Could you reproduce every record below exactly as written?
==============================
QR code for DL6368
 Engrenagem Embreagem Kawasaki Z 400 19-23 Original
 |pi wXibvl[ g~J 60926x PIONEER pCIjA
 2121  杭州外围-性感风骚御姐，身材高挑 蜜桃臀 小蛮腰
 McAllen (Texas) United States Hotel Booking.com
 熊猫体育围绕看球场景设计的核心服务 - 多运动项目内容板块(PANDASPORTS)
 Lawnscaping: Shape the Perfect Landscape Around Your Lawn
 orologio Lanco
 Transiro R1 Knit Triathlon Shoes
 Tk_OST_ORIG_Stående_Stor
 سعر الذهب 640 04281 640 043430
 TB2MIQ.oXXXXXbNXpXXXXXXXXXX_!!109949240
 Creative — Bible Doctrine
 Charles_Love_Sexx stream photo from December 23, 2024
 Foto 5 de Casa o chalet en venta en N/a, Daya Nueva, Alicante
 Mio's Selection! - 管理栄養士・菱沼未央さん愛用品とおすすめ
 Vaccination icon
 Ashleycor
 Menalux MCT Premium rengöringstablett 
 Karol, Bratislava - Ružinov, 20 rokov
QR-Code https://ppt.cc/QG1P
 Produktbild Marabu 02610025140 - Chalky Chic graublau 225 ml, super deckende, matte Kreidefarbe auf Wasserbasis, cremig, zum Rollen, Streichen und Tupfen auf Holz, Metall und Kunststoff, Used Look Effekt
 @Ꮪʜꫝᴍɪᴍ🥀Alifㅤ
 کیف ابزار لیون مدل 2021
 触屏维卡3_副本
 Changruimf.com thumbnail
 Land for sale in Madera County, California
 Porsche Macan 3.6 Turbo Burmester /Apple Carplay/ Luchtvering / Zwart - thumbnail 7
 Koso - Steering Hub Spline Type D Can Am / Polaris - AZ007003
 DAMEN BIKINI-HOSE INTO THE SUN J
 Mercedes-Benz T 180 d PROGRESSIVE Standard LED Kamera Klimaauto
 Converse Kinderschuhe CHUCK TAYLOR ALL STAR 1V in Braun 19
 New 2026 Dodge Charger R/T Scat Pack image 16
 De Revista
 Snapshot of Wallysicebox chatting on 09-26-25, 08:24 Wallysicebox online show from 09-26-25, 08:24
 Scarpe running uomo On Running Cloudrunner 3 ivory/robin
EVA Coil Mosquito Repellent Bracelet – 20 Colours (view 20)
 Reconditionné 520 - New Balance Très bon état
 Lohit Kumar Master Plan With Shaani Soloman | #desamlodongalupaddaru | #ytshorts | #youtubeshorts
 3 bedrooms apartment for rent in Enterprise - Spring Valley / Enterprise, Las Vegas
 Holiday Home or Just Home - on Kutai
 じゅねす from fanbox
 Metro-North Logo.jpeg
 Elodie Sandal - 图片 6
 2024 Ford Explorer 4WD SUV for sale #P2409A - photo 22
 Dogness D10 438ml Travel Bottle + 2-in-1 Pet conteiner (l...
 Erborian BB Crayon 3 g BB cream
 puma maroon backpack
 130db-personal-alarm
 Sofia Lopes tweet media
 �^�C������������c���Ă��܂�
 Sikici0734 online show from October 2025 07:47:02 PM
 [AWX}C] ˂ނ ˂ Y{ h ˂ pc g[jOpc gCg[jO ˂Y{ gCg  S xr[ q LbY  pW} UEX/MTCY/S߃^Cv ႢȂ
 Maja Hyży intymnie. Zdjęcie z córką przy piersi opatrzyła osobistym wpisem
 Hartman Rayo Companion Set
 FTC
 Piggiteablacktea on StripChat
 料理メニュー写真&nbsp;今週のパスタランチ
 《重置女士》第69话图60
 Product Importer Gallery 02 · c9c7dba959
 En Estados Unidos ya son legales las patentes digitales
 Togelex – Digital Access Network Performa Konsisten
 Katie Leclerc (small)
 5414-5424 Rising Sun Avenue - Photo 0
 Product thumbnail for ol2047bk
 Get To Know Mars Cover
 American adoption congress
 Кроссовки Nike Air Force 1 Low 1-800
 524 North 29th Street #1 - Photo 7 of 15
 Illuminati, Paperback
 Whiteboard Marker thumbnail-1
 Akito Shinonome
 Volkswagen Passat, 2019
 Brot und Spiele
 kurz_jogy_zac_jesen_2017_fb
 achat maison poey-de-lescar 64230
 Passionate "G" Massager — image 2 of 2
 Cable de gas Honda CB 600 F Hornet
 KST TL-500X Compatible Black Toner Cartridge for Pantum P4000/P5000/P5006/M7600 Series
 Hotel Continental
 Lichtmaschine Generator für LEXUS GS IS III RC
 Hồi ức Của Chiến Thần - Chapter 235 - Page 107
==============================
▶ **TASK RESULT**
QR code for DL6368
 Engrenagem Embreagem Kawasaki Z 400 19-23 Original
 |pi wXibvl[ g~J 60926x PIONEER pCIjA
 2121  杭州外围-性感风骚御姐，身材高挑 蜜桃臀 小蛮腰
 McAllen (Texas) United States Hotel Booking.com
 熊猫体育围绕看球场景设计的核心服务 - 多运动项目内容板块(PANDASPORTS)
 Lawnscaping: Shape the Perfect Landscape Around Your Lawn
 orologio Lanco
 Transiro R1 Knit Triathlon Shoes
 Tk_OST_ORIG_Stående_Stor
 سعر الذهب 640 04281 640 043430
 TB2MIQ.oXXXXXbNXpXXXXXXXXXX_!!109949240
 Creative — Bible Doctrine
 Charles_Love_Sexx stream photo from December 23, 2024
 Foto 5 de Casa o chalet en venta en N/a, Daya Nueva, Alicante
 Mio's Selection! - 管理栄養士・菱沼未央さん愛用品とおすすめ
 Vaccination icon
 Ashleycor
 Menalux MCT Premium rengöringstablett 
 Karol, Bratislava - Ružinov, 20 rokov
QR-Code https://ppt.cc/QG1P
 Produktbild Marabu 02610025140 - Chalky Chic graublau 225 ml, super deckende, matte Kreidefarbe auf Wasserbasis, cremig, zum Rollen, Streichen und Tupfen auf Holz, Metall und Kunststoff, Used Look Effekt
 @Ꮪʜꫝᴍɪᴍ🥀Alifㅤ
 کیف ابزار لیون مدل 2021
 触屏维卡3_副本
 Changruimf.com thumbnail
 Land for sale in Madera County, California
 Porsche Macan 3.6 Turbo Burmester /Apple Carplay/ Luchtvering / Zwart - thumbnail 7
 Koso - Steering Hub Spline Type D Can Am / Polaris - AZ007003
 DAMEN BIKINI-HOSE INTO THE SUN J
 Mercedes-Benz T 180 d PROGRESSIVE Standard LED Kamera Klimaauto
 Converse Kinderschuhe CHUCK TAYLOR ALL STAR 1V in Braun 19
 New 2026 Dodge Charger R/T Scat Pack image 16
 De Revista
 Snapshot of Wallysicebox chatting on 09-26-25, 08:24 Wallysicebox online show from 09-26-25, 08:24
 Scarpe running uomo On Running Cloudrunner 3 ivory/robin
EVA Coil Mosquito Repellent Bracelet – 20 Colours (view 20)
 Reconditionné 520 - New Balance Très bon état
 Lohit Kumar Master Plan With Shaani Soloman | #desamlodongalupaddaru | #ytshorts | #youtubeshorts
 3 bedrooms apartment for rent in Enterprise - Spring Valley / Enterprise, Las Vegas
 Holiday Home or Just Home - on Kutai
 じゅねす from fanbox
 Metro-North Logo.jpeg
 Elodie Sandal - 图片 6
 2024 Ford Explorer 4WD SUV for sale #P2409A - photo 22
 Dogness D10 438ml Travel Bottle + 2-in-1 Pet conteiner (l...
 Erborian BB Crayon 3 g BB cream
 puma maroon backpack
 130db-personal-alarm
 Sofia Lopes tweet media
 �^�C������������c���Ă��܂�
 Sikici0734 online show from October 2025 07:47:02 PM
 [AWX}C] ˂ނ ˂ Y{ h ˂ pc g[jOpc gCg[jO ˂Y{ gCg  S xr[ q LbY  pW} UEX/MTCY/S߃^Cv ႢȂ
 Maja Hyży intymnie. Zdjęcie z córką przy piersi opatrzyła osobistym wpisem
 Hartman Rayo Companion Set
 FTC
 Piggiteablacktea on StripChat
 料理メニュー写真&nbsp;今週のパスタランチ
 《重置女士》第69话图60
 Product Importer Gallery 02 · c9c7dba959
 En Estados Unidos ya son legales las patentes digitales
 Togelex – Digital Access Network Performa Konsisten
 Katie Leclerc (small)
 5414-5424 Rising Sun Avenue - Photo 0
 Product thumbnail for ol2047bk
 Get To Know Mars Cover
 American adoption congress
 Кроссовки Nike Air Force 1 Low 1-800
 524 North 29th Street #1 - Photo 7 of 15
 Illuminati, Paperback
 Whiteboard Marker thumbnail-1
 Akito Shinonome
 Volkswagen Passat, 2019
 Brot und Spiele
 kurz_jogy_zac_jesen_2017_fb
 achat maison poey-de-lescar 64230
 Passionate "G" Massager — image 2 of 2
 Cable de gas Honda CB 600 F Hornet
 KST TL-500X Compatible Black Toner Cartridge for Pantum P4000/P5000/P5006/M7600 Series
 Hotel Continental
 Lichtmaschine Generator für LEXUS GS IS III RC
 Hồi ức Của Chiến Thần - Chapter 235 - Page 107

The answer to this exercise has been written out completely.